Aragon was long a strong commercial power which, like Venice and Genoa, was filled with bankers and merchants. It was also a strong naval power that defended its shipping lanes and established control over the Balearic Islands, Sardinia, Corsica, Sicily, Naples and southern Italy, and even parts of Greece for a time.
Barcelona became a cosmopolitan city with trading networks across the Mediterranean and a patron of the arts. Catalan flourished and became the prestige language of the region and a language of commerce.
The Catalan language area expanded south into Valencia, and across the Balearics, and even farther afield. Catalan is still spoken to this day in one region of the Italian island of Sardinia.
Meanwhile, the kingdom of Castile was absorbed in “reconquering” the lands controlled by Muslim emirs. A stereotype would show Castilians as proud, stubborn, agricultural, warrior-crusaders: very religious, intolerant, stiff and formal. The contrast with relaxed, cosmopolitan Barcelona couldn’t be sharper.
The two kingdoms were then united by marriage, literally, in the persons of Ferdinand of Aragon and Isabella of Castile, who got hitched in 1469. These were the same Ferdinand and Isabella who sponsored Christopher Columbus, destroyed the last Muslim emirate in the south and established the Spanish Inquisition. Their daughter Juana became the first queen of both Aragon and Castile, as well as a bunch of other regions.
But just because the two kingdoms were united with a common monarch doesn't mean they were integrated into one unitary realm. For almost 250 years, they were administered as two separate kingdoms, with separate laws, courts, assemblies and other institutions.
For all that, it was not a happy marriage. In 1640, Catalonia rebelled and sought its independence. It was not an unreasonable hope. Portugal, which had also been united with Spain by dynastic means, also rebelled in 1640 and succeeded in breaking free from the Spanish crown. Catalonia did not. Discontent, sponsored by foreign powers, continued for more than 70 years.
Then in 1714, under a new dynasty, Madrid abolished the ancient medieval liberties and institutions of almost all the different former kingdoms under Spanish control.
That was also the start of discrimination against the Catalan language, as Castilian Spanish became the official language.
The 19th century saw a renaissance of Catalan literature, which helped revive a sense of separate identity. Bear in mind, Madrid was no longer the capital of a global superpower — since Spain lost the mines of Mexico and Peru, it became impoverished and wracked by civil war. So some Catalans started to feel, with their history and literature, that they were perhaps better than the rest of Spain — or at least different enough to start pushing for self-rule.

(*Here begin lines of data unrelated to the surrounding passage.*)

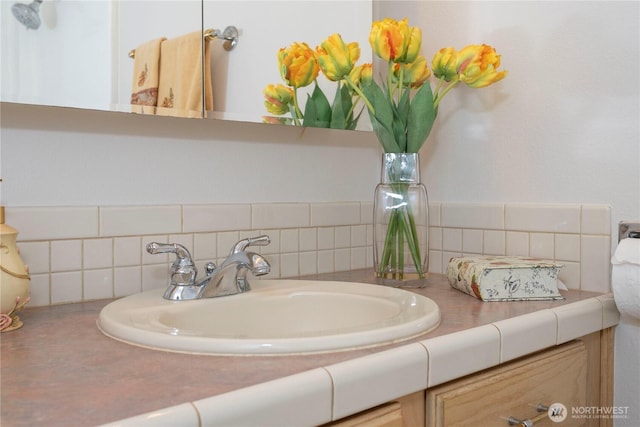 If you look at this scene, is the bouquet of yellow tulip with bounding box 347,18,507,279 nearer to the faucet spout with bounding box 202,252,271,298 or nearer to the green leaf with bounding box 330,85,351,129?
the green leaf with bounding box 330,85,351,129

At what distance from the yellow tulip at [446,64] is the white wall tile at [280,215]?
427mm

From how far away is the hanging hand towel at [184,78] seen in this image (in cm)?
108

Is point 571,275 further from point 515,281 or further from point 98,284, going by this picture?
point 98,284

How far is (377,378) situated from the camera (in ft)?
2.15

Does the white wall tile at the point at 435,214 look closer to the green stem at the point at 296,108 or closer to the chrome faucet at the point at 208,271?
the green stem at the point at 296,108

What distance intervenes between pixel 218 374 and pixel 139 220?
1.79ft

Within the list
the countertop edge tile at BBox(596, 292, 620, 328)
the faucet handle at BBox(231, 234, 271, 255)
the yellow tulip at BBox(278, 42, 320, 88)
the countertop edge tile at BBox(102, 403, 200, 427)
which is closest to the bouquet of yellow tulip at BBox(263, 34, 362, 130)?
the yellow tulip at BBox(278, 42, 320, 88)

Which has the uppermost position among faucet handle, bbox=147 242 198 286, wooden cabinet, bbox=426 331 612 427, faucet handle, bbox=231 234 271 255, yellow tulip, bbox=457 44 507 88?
yellow tulip, bbox=457 44 507 88

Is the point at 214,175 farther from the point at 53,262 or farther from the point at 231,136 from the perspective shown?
the point at 53,262

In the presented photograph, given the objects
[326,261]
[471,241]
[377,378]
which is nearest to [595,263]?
[471,241]

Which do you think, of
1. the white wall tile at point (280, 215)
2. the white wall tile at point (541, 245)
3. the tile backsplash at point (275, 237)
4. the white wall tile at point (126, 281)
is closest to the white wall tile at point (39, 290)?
the tile backsplash at point (275, 237)

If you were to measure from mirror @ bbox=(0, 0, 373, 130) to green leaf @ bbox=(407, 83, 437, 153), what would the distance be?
Answer: 0.26 m

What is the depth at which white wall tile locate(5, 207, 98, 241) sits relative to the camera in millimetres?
938

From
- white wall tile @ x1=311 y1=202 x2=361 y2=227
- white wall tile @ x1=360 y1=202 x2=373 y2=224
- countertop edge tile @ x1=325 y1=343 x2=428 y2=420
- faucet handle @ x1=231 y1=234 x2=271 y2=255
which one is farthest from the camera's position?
white wall tile @ x1=360 y1=202 x2=373 y2=224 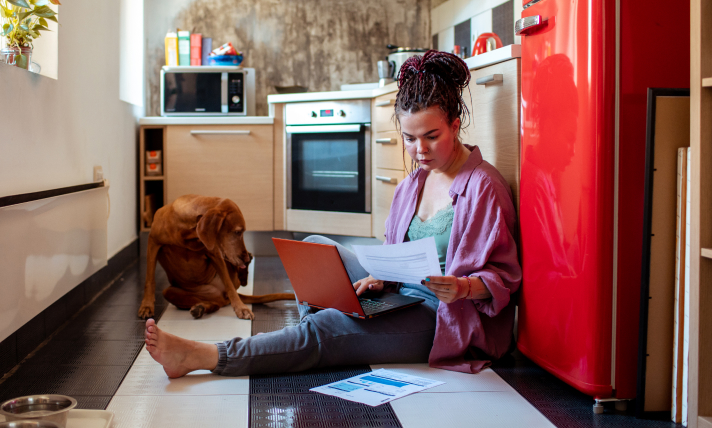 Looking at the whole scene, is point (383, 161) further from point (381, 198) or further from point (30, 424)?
point (30, 424)

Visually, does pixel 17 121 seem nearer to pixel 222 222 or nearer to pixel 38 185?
pixel 38 185

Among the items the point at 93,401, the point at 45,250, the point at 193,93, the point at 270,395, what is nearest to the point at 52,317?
the point at 45,250

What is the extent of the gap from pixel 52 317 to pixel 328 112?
2015mm

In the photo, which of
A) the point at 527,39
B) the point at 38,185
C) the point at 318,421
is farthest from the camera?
the point at 38,185

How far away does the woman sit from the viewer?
65.4 inches

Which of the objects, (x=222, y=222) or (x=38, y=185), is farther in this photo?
(x=222, y=222)

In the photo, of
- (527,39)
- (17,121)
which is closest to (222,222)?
(17,121)

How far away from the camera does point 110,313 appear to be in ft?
8.20

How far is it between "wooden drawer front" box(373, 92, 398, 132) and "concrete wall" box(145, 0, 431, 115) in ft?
3.89

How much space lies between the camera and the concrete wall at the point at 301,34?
14.5 ft

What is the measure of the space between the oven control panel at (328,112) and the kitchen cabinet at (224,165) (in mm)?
212

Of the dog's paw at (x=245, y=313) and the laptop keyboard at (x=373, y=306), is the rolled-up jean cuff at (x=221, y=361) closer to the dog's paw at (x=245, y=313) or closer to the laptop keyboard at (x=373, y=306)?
the laptop keyboard at (x=373, y=306)

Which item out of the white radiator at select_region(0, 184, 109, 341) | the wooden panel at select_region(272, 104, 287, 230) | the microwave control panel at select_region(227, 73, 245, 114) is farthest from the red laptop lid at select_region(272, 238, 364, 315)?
the microwave control panel at select_region(227, 73, 245, 114)

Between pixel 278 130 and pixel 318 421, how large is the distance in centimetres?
283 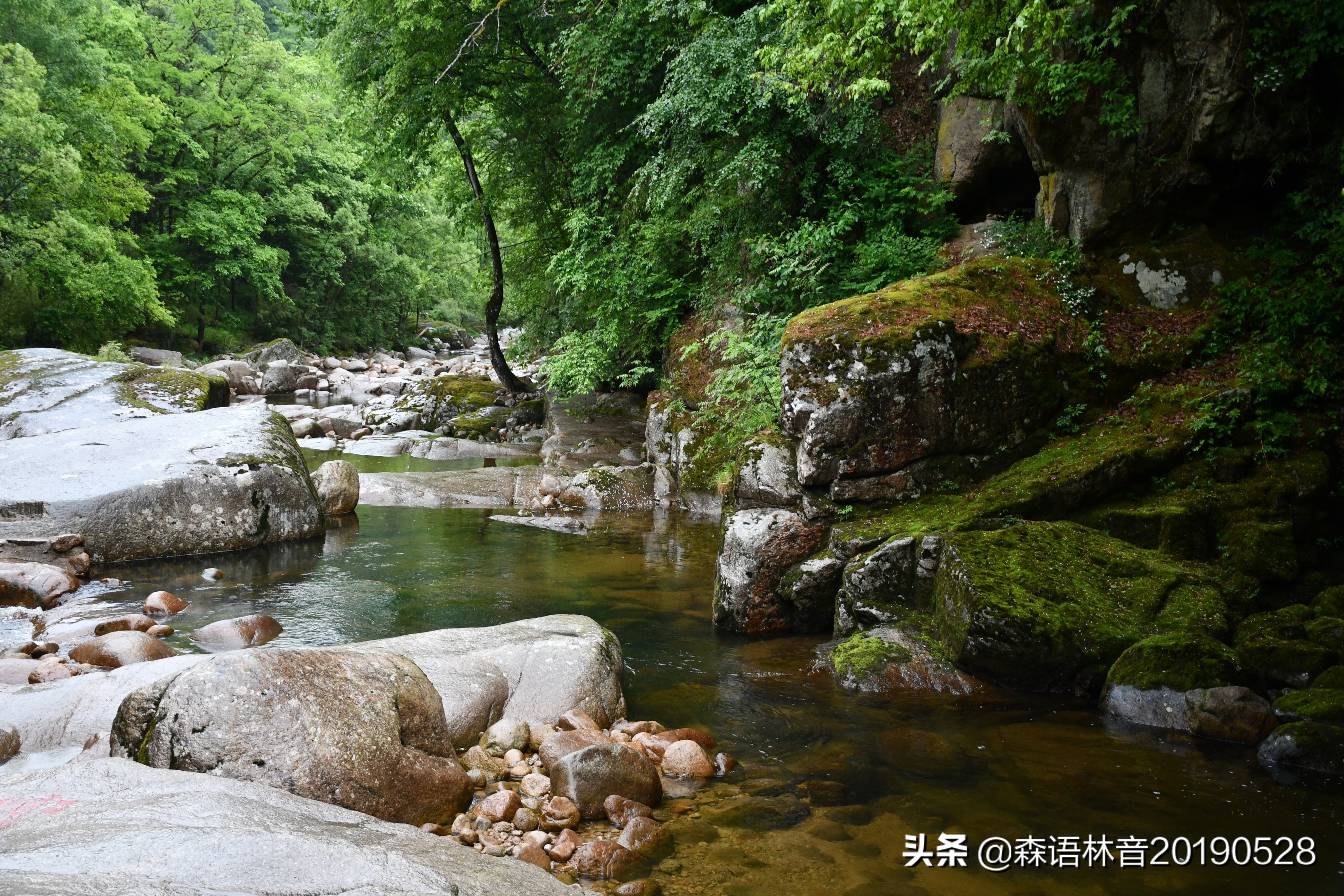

There were various efforts at self-rule in the early 20th century, but then along came the Spanish Civil War in the 1930s. Catalonia and most of the minority regions of Spain sided with the leftists and fought against the fascist forces of Gen. Francisco Franco — who was aided by Hitler and Mussolini. This is the war of George Orwell's “Homage to Catalonia” and Picasso’s "Guernica."
The war was less about regional identity and more about class war; nevertheless, Franco came down hard on the Catalans and other minority groups after he won the war in 1939.
During Franco’s 36-year rule, all minorities were suppressed: their language, their music and even their dancing. Spanish was the only language permitted in schools. Franco also moved poor Spaniards from elsewhere in Spain to Catalonia to dilute the Catalan population.
It's this period that caused many Castilians to become dismissive of Catalan, as though it were just a bad dialect of their "pure" Spanish.
After Franco’s death in 1975, Catalans signed up for a new constitution that gave them considerable regional autonomy and control over their language and education. For the last 30 years, most school subjects have been taught in Catalan.
That era of discrimination and its legacy help drive modern Catalan nationalism today.
Today, Catalan identity is strong. But the language remains under threat. The kids in Barcelona may speak Catalan in the classroom, but many speak Spanish on the playground.